Der Presserat hat eine Beschwerde des früheren UBS-Präsidenten Peter Kurer gegen die Tageszeitung «Blick» abgewiesen. Kurer wehrte sich gegen den «Blick»-Titel: «UBS-Kurer hat geschwindelt» und gegen das Wort «Falschaussage» im Text. Es ging um die geheim vorbereitete Rettung der UBS durch Bund und Nationalbank sowie um die Aussagen Kurers an der UBS- Generalversammlung vom 2. Oktober 2008. Kurer hatte damals gesagt, dass die UBS eine der am besten kapitalisierten Banken sei.

In einem Artikel vom 6. November 2009 gab der «Blick» die bundesrätliche Antwort auf eine Anfrage des Aargauer FDP-Nationalrats Philipp Müller wieder - unter dem Titel: «Bundesrat: UBS-Kurer hat geschwindelt». Im Text hiess es unter anderem: «Nun bestätigt die Regierung indirekt Kurers Falschaussagen an der GV.» Im Vorspann zum Artikel schrieb der «Blick: «Bis heute ist umstritten, ob Kurer an der GV im Oktober 2008 die Lage schöngefärbt hat. Nun sagt Bern: Ja, aber es war 'zweckmässig'.»
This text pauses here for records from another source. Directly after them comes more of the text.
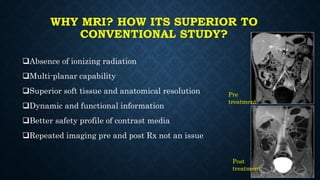 WHY MRI? HOW ITS SUPERIOR TO
CONVENTIONAL STUDY?
Absence of ionizing radiation
Multi-planar capability
Superior soft tissue and anatomical resolution
Dynamic and functional information
Better safety profile of contrast media
Repeated imaging pre and post Rx not an issue
Pre
treatment
Post
treatment
 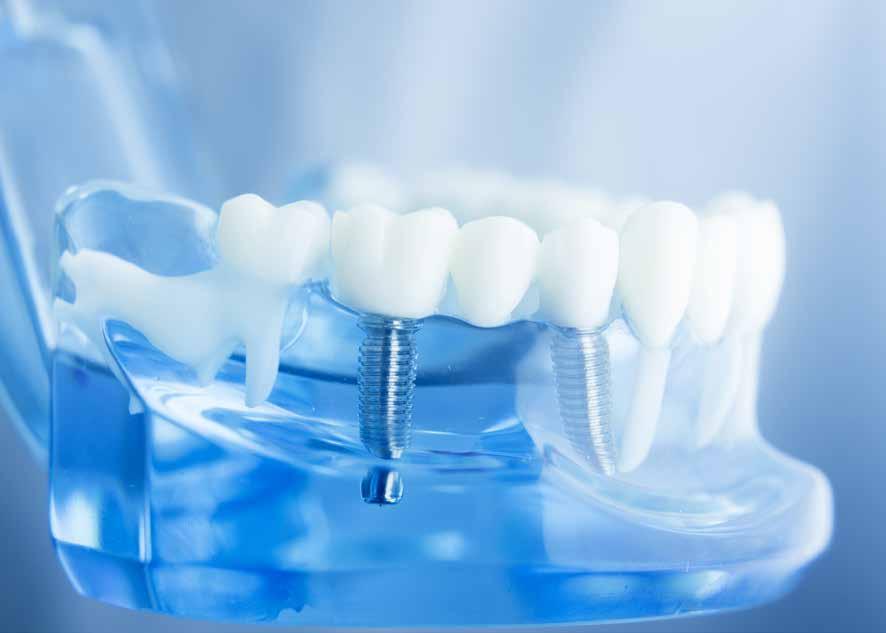 Eksilen diş boşluğunu gidermek için, boşluğun önündeki ve arkasındaki dişlerin aşındırılarak köprü protezi yapılması önlenmiş olur.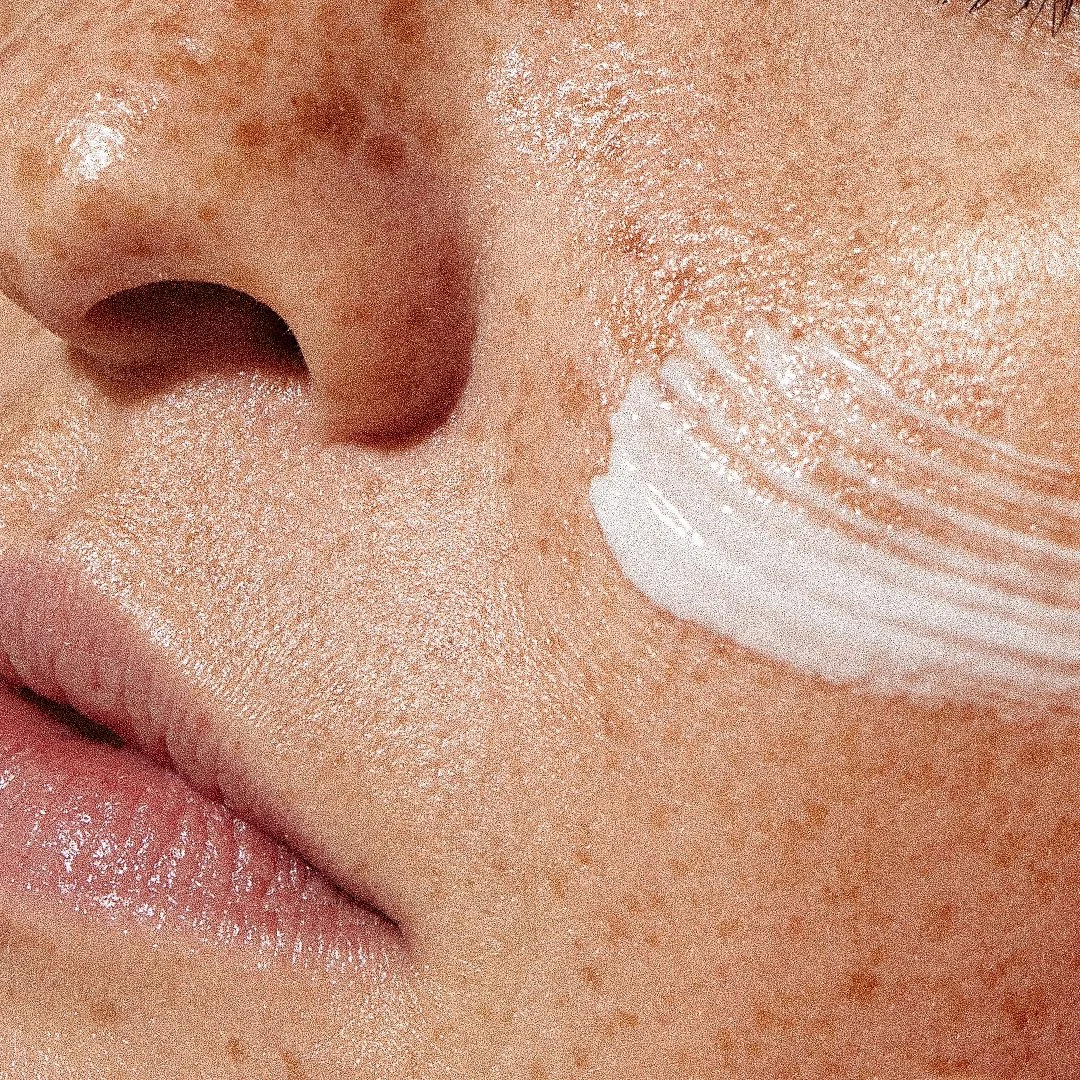 Sunspots &amp; hyper-pigmentation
«Wertungen und Titel sind vertretbar»

Kurer stiess sich in seiner Beschwerde zuhanden des Schweizer Presserats namentlich am Titel und am Wort «Falschaussage». Die Zeitung habe den Eindruck erweckt, er habe gelogen. Das schade seinem Ruf als integer Wirtschaftsführer. Zudem habe ihn die Zeitung nicht angehört und auch die verlangte Berichtigung nicht gebracht, argumentierte Kurer.
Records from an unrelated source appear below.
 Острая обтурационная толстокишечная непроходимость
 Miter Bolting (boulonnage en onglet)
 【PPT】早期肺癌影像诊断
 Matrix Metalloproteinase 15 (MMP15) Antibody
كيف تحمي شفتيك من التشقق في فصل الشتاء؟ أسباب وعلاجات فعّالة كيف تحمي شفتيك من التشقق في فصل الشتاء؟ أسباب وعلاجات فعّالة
Wie der Schweizer Presserat in seinem am Dienstag publizierten Entscheid festhält, hat der «Blick» die bundesrätliche Antwort korrekt widergegeben. Die Wertungen und der Titel seien vertretbar. Eine Befragung Kurers sei nicht nötig gewesen, da der Artikel nur eine öffentliche amtliche Mitteilung rapportierte. «Zudem waren die Vorwürfe nicht neu, sondern schon früher publiziert worden», stellt der Presserat fest.